Using SSML

With the Speech Synthesis Markup Language (SSML), you can control how SpeechKit synthesizes speech from text.

To pass text in SSML format, use the ssml parameter in the request body and wrap the text in the <speak> tag:

<speak>
  Here are some examples of how you can use SSML.
  You can add a custom pause to your text:<break time="2s"/> Ta-daaah!
  Or mark up your text into paragraphs and sentences. Pauses between paragraphs are longer.
  <p><s>Sentence one</s><s>Sentence two</s></p>
  You can also substitute phrases.
  For example, you can use this feature to pronounce abbreviations, <sub alias="et cetera">etc.</sub>
</speak>

Example of sending a request.

Supported SSML tags

Currently, SpeechKit supports the following SSML tags:

Description Tag
Add a pause <break>
Add a pause between paragraphs <p>
Use phonetic pronunciation <phoneme>
Root tag for SSML text <speak>
Add a pause between sentences <s>
Abbreviation pronunciation <sub>

break

Use the <break> tag to add a pause with a specified duration to the speech.
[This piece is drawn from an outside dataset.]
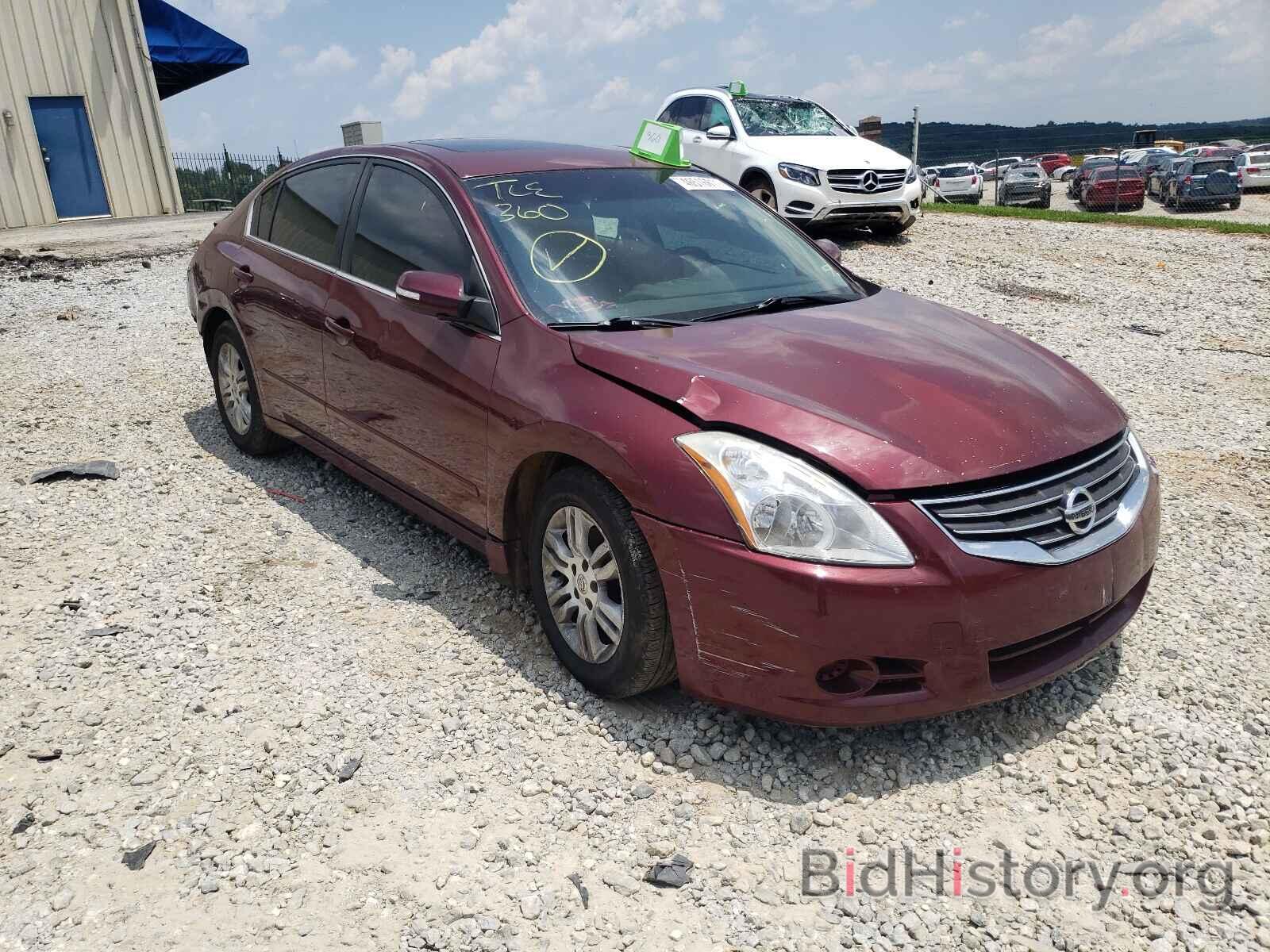 Photo 1N4AL2APXAN567118 - NISSAN ALTIMA 2010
The duration is specified using the strength and time attributes. If these attributes aren't set, the strength="medium" value is used by default.

Attribute Description
strength Pause duration. Acceptable values:
* medium or weak — Equivalent to the pause after a comma.
* strong — Equivalent to the pause after a period or a sentence.
* x-strong — Equivalent to the pause after a paragraph.
* none or x-weak — These values don't add any pause, they are kept for AWS API compatibility.
time Pause duration in seconds or milliseconds, for example 2s or 400ms. The maximum pause duration is 5 seconds.
When synthesizing pauses for specified lengths, there may be an error of 100-200 ms.
<speak>Hey, wait a second<break time="1s"/> What are you doing?</speak>

The <break> tag adds a pause even if it comes after other elements that already add a pause, such as periods and commas.

p

Use the <p> tag to add a pause between paragraphs. A pause is added after the closing tag.
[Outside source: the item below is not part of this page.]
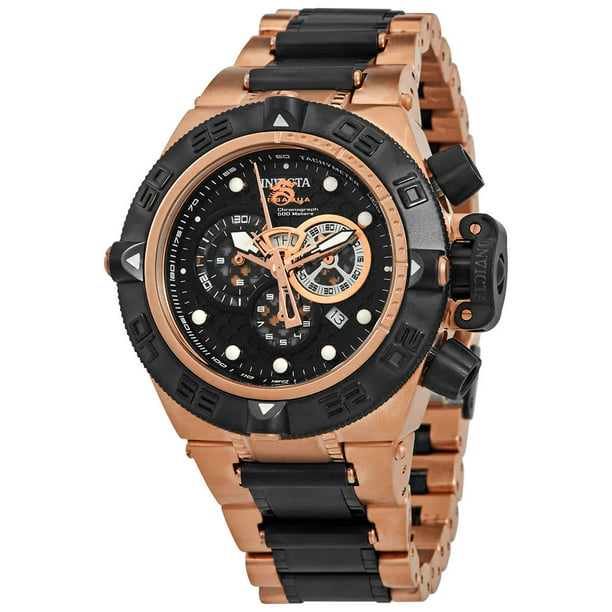 Invicta Men's 6552 IV Collection Chronograph Two-Tone Watch -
A pause after a paragraph is longer than a pause after a sentence or period. The duration of a pause depends on the selected voice, emotional tone, speed, and language.

<speak>
  <p>The executioner's argument was that you couldn't cut off something's head unless there was a trunk to sever it from.</p>
  <p>The King's argument was that anything that had a head could be beheaded, and that you weren't to talk nonsense.</p>
  <p>The Queen's argument was that if something wasn't done about it in less than no time, she'd have everyone beheaded all round. It was this last argument that had everyone looking so nervous and uncomfortable.</p>
</speak>

All pauses inside the tag are also taken into account. For example, an additional pause will be added in place of a period even if it's before the closing tag.

phoneme

Use the <phoneme> tag to check the proper pronunciation using phonemes. The text specified in the ph attribute will be used for playback. In the alphabet attribute, specify which standard to use: ipa or x-sampa.
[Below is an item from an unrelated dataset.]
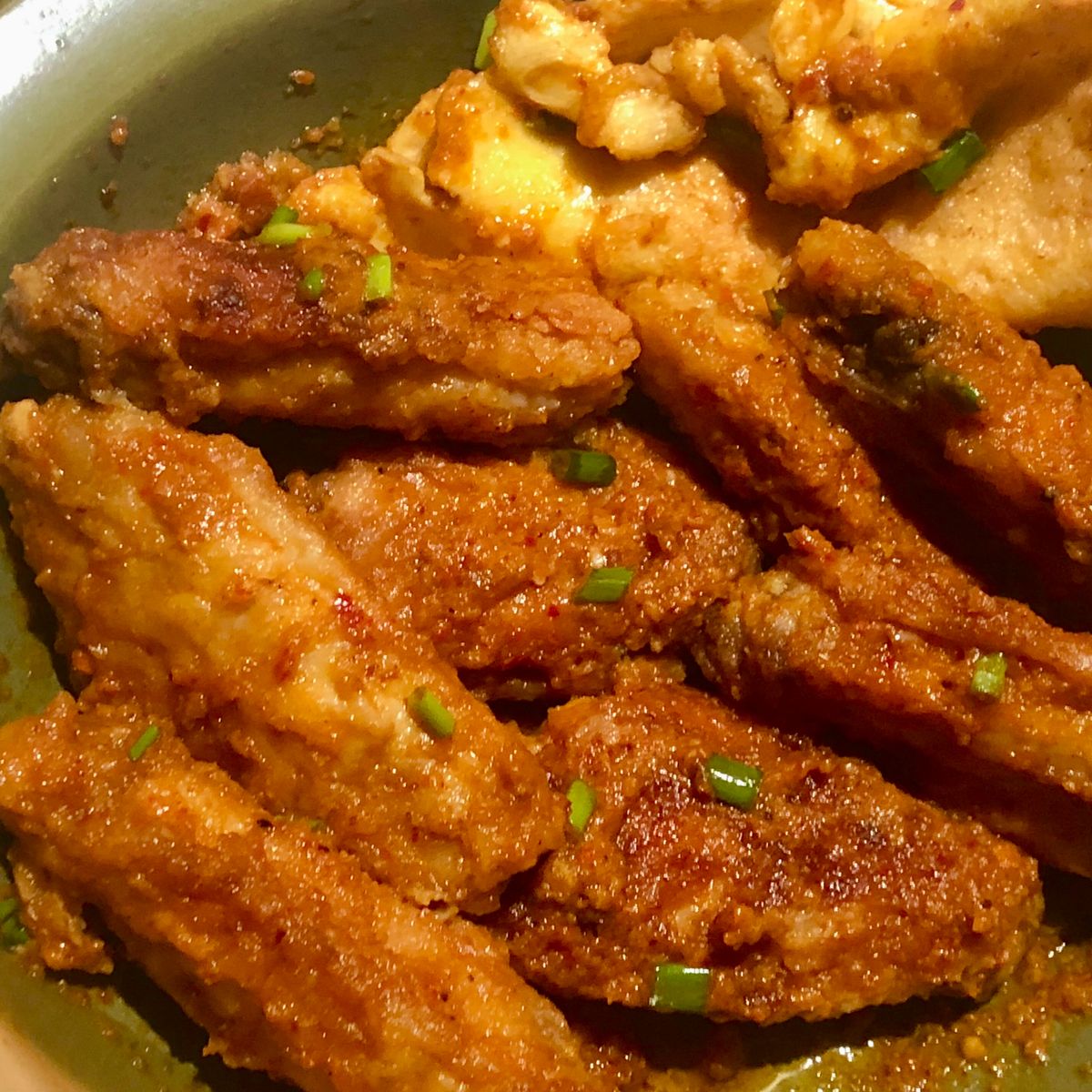 Sun-dried Tomato Buffalo Wings | Recipe | Kitchen Stories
  • International phonetic alphabet (IPA)

    <speak>
          In different regions of Russia, the letter
          <phoneme alphabet="ipa" ph="o">О</phoneme> when it's in a word is pronounced differently.
          Somewhere they say <phoneme alphabet="ipa" ph="məlɐko">молоко</phoneme>,
          whereas elsewhere they say <phoneme alphabet="ipa" ph="mələko">молоко</phoneme>.
    </speak>
    
  • Extended Speech Assessment Methods Phonetic Alphabet (X-SAMPA)

    <speak>
          In different regions of Russia, the letter
          <phoneme alphabet="x-sampa" ph="o">О</phoneme> when it's in a word is pronounced differently.
          Somewhere they say <phoneme alphabet="x-sampa" ph="m@l6ko">молоко</phoneme>,
          whereas elsewhere they say <phoneme alphabet="x-sampa" ph="m@l@ko">молоко</phoneme>.
    </speak>
    

The list of supported phonemes for each language.

speak

<speak> is the root tag. The entire text must contained inside this tag.

<speak>My text in SSML format.</speak>

s

Use the <s> tag to add a pause between sentences. A pause after a sentence is the same as a pause after a period. The duration of a pause depends on the selected voice, emotional tone, speed, and language.

<speak>
  <s>First sentence</s>
  <s>Second sentence</s>
</speak>

All pauses inside the tag are also taken into account. For example, an additional pause will be added in place of a period even if it's before the closing tag.

sub

Use the <sub> tag to replace one text with another when pronouncing it. For example, to correctly pronounce an abbreviation or the name of a chemical element.

<speak>
  My favorite chemical element  is <sub alias="Mercury">Hg</sub> because it's shiny.
</speak>